Target, the eighth-largest retailer in the US, plans to invest $100 million to expand its supply chain sortation network to more than 15 facilities by the second half of 2026. The move will allow the retailer to increase next-day delivery capabilities to major markets nationwide. 

“Sortation centers and our Last Mile Delivery capabilities support our guest experience and benefit our business — helping us deliver more efficiently and faster, at a lower cost while increasing our capacity,” the company said in a press release.

Currently, there are nine sortation centers in Minnesota, Texas, Colorado, Illinois, Georgia, and Pennsylvania, including three in the greater Chicago and Denver metro areas. 

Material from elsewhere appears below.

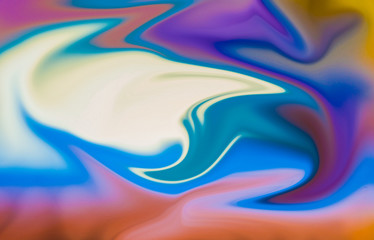 Beauty fluid colors flow in soft and blur style for background.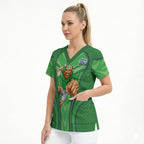 Canberra Raiders Rugby Mascot Scrub Top Australian Rugby Culture - Tribal Inspired Viking Warrior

Target wants to be “Bigger, faster, better than before,” the press release said. Perhaps, this is a move to compete with Amazon.com Inc. and Walmart Inc., which already offer rapid shipping to customers in many areas across the country. 

The investment comes as sortation centers have already recorded incredible growth as consumers shift to online orders:

Gretchen McCarthy, Target’s chief global supply chain & logistics officer, stated in the press release:

“Now more than ever, our guests rely on us to deliver their everyday essentials and Target favorites when they want and need them most.

“Through our sortation centers and Target Last Mile Delivery capabilities, we’re able to move faster and with more precision — while controlling costs and expanding our network capacity — for years to come.”

The company is betting on e-commerce growth despite evidence showing retailers are dealing with near-record high inventory glut and consumers suffering from 21 months of negative real wage growth. 

Retailers can only hope the US government will helicopter drop more ‘stimmy checks’ if another crisis arises.